Yaklaşık 2 saat zarfında İasos Çevre Varlıklarını Koruma ve Yaşatma Derneği Başkanı ve MÇP üyemiz Avukat Murat Kemal Gündüz’ün, tüm protestoların arasında Jandarma koruması altındaki Şirket ve Bakanlık yetkilileri ile görüşerek bir açıklama yapılması ve ‘toplantının yapılamadığına ilişkin bir tutanak tutulması’ girişimleri sonuçsuz kaldı ve yetkililer yine Jandarma koruması eşliğinde araçlarına binerek uzaklaştılar.
Bunun üzerine ‘Halkın Tutanağı’ oluşturuldu.
Toplantının yapılamamış olmasının hukukî ve eylemsel süreci etkilemeyeceği, eğer toplantı yapılabilseydi ÇED raporunun gerçekleri yansıtmadığının ve rapordaki eksiklerin dile getirileceği göz önünde bulundurularak, bunun bir ‘ön bilgilendirme’ toplantısı olduğu ve yapılmadan da doğrudan inşaî sürecin başlayabileceği ve limanın yapılabileceği ihtimalini dikkate alarak süreci dikkatle takip etmemiz gerekiyor.

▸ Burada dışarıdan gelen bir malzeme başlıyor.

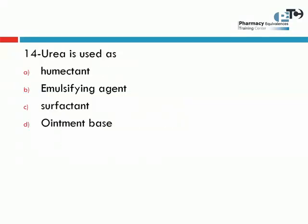Now, urea. Many of us see urea as a cream or a cosmetic cream. What is the usage of urea — is it a humectant, emulsifying agent, surfactant, or ointment base? Urea is not used as an excipient in ointments or creams; it is an active ingredient used as a humectant in some cosmetic creams. So the choice here will be humectant.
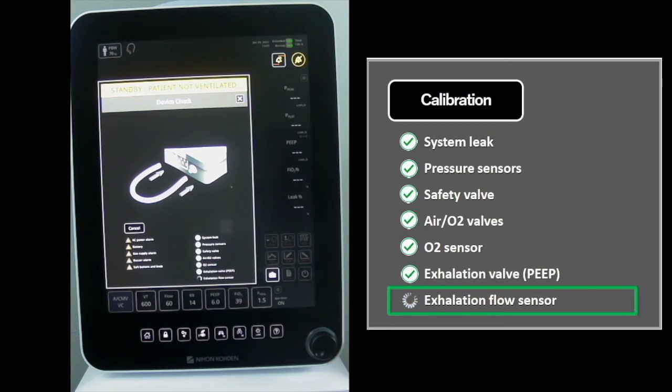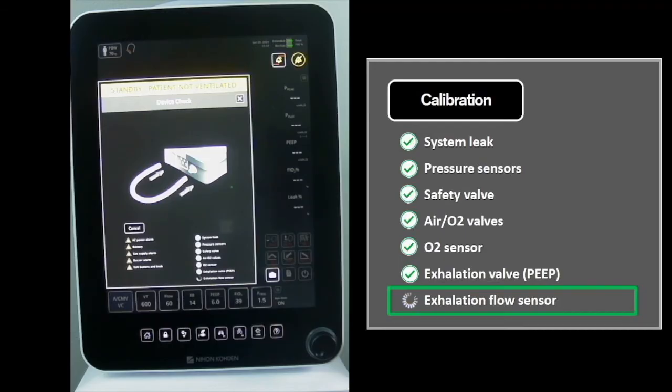The Exhalation Flow Sensor Test is comprised of two stages. During the first stage, the exhalation flow sensor is calibrated against the internal inspiratory flow sensor. During the second stage, accuracy of calibration is verified at 30, 10, and 3 liters per minute.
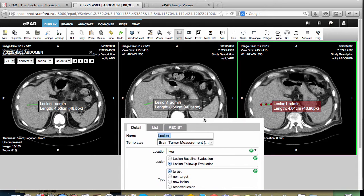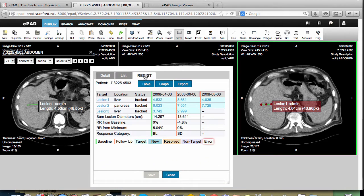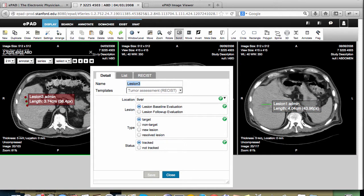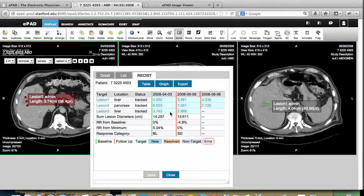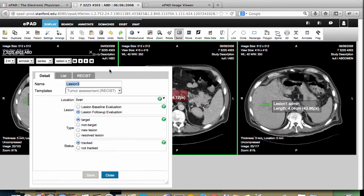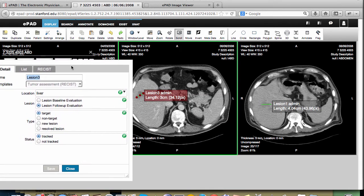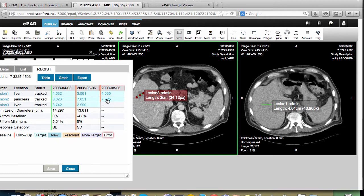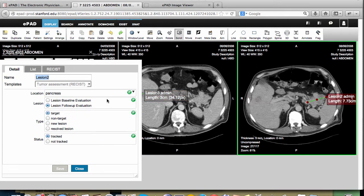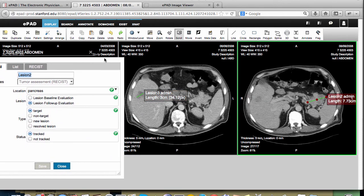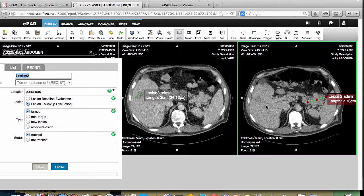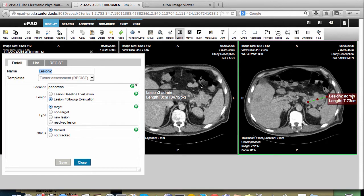Now let's look at the current lesion that we're annotating. We can see lesion 3 in the first time point, and we can see lesion 3 in the second time point. So we want to find lesion 3 in the latest study — it's right here.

Şimdi sırada, özellikle limandan doğrudan etkilenecek bölge halkı olarak ıslak imzalı dilekçeyle Bakanlığa başvuru eylem planımız var. Bu işin peşini bırakmayacağız.
Şimdi hep birlikte Körfezimize sahip çıkma zamanıdır.
Mandalya Çevre Platformu /30 Haziran 2021”
Daha fazla söze ihtiyaç var mı!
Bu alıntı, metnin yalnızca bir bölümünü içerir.